- Exercise prompt
Of the lines in the data below, write out exactly those from the one holding "The Unofficial Pokémon GO Tracker's Guide" through the one holding "Episode 56 - Edtech", both included.

Data extract Start Marker

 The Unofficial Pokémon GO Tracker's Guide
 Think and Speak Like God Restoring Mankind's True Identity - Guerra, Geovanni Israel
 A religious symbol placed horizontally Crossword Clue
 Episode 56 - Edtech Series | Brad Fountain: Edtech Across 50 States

Data extract End Marker
Data extract Start Marker

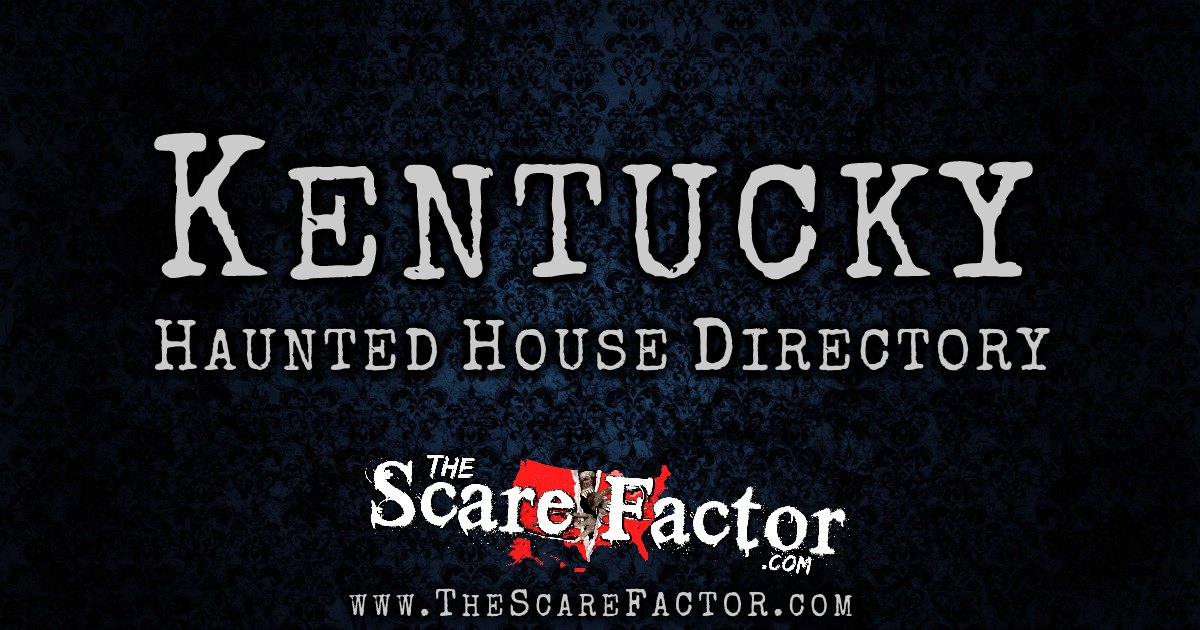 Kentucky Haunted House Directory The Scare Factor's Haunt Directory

Data extract End Marker

- Written solution
 The Unofficial Pokémon GO Tracker's Guide
 Think and Speak Like God Restoring Mankind's True Identity - Guerra, Geovanni Israel
 A religious symbol placed horizontally Crossword Clue
 Episode 56 - Edtech Series | Brad Fountain: Edtech Across 50 States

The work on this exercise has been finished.